A few days ago, The New York Times ran an article, "Need to Hide Some Income? You Don’t Have to Go to Panama," which implies that hundreds of thousands of corporations are setting up Panama-style tax havens in Delaware, Nevada, and Wyoming. (The article is an update of a 2012 article, with a release timed to coincide with the attention focused on the Panama Papers.)
This article is misleading. Well, maybe that's too strong -- the information is mostly accurate, but it's presented in a fairly sensationalist way. No, incorporating in Delaware is not a giant tax dodge.

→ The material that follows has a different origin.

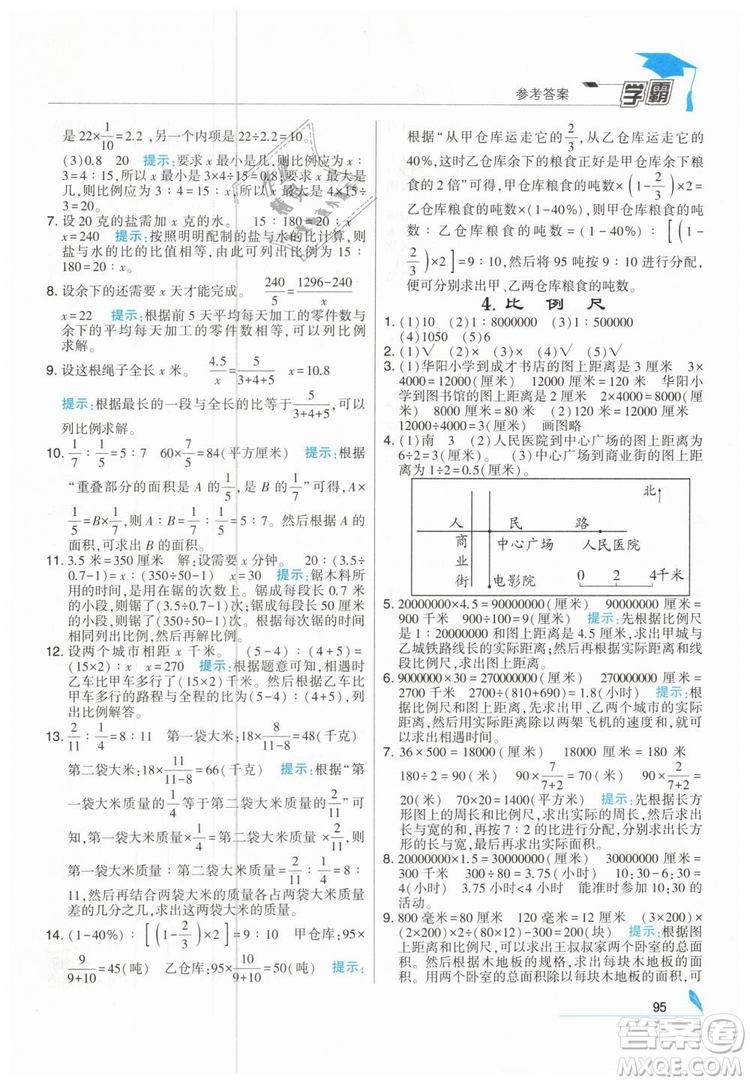 2019版經(jīng)綸學典學霸小學數(shù)學六年級下冊江蘇國標蘇教版參考答案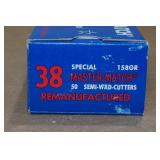 50 Master Match .38 Spl 158 Gr Semi Wadcutter Ammo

Delaware does have favorable corporate laws, in the lack of fees, secrecy laws, and lack of certain state income taxes. But as virtually any lawyer will tell you, the primary reason that businesses like incorporating in Delaware is the ease of incorporation and the robustness of Delaware's corporate law.

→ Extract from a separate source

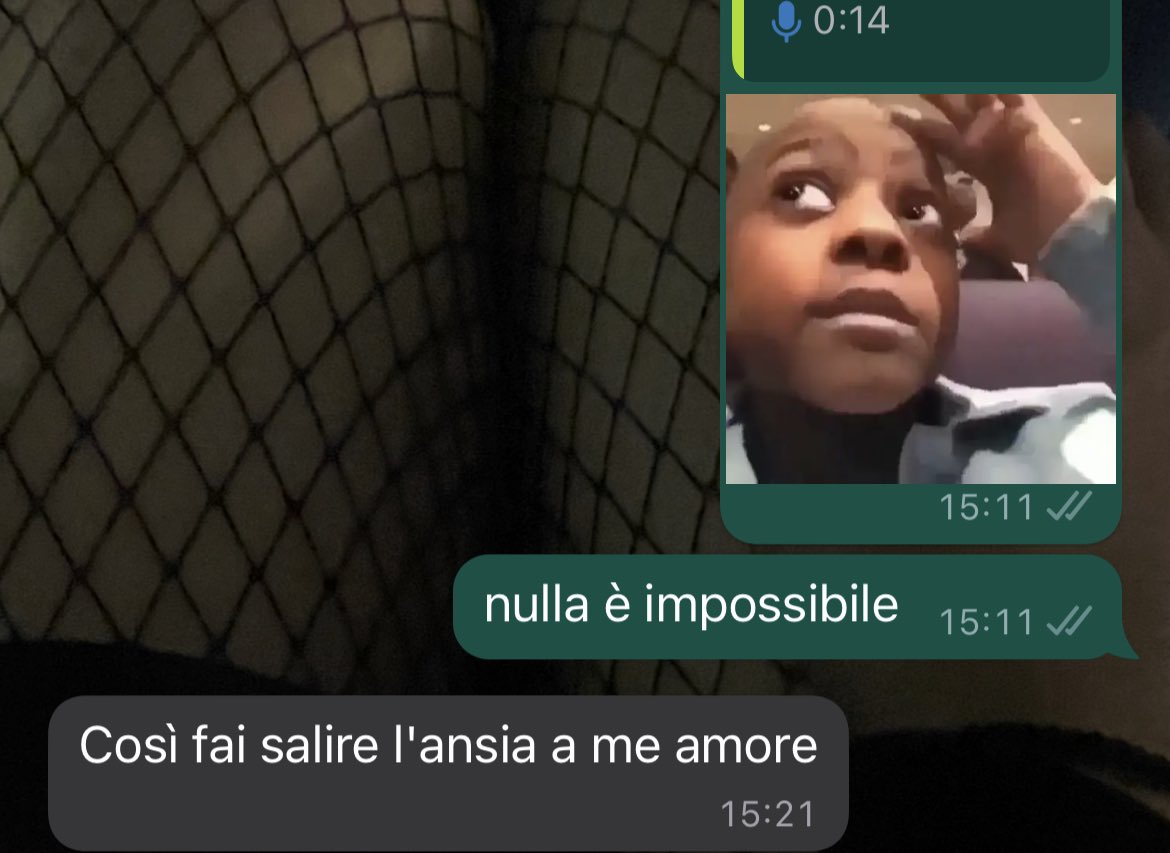 “non pensare di essere incinta perché è impossibile”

On the first point, many entirely legal and legitimate business transactions involving mergers and acquisitions involve setting up new or temporary business vehicles to hold assets or funds as the entities shift around. Firms appreciate being able to set up LLCs quickly and cheaply in order to facilitate their business.
Second, Delaware's Court of Chancery, a court of equity, has a long history of administering corporate disputes.
(History time! Stretching back to England, there were separate courts of "law" and "equity." Put extremely loosely, the "law" courts dealt with "common" claims and were strictly bound by precedent and statute, while the "equity" dealt with issues of rights and obligations and had authority to settle cases based on fairness or reason. The distinction between law and equity is carried through to today; you have a right to a jury in "law" cases but not "equity" cases, and the standard is literally "would this claim have been in law or equity in the 18th century?" Today, the distinction is basically that "law" claims deal with money damages, while "equity" claims deal with injunctions, restraining orders, specific performance, and other cases where you're asking the court to make someone else do something besides paying money.)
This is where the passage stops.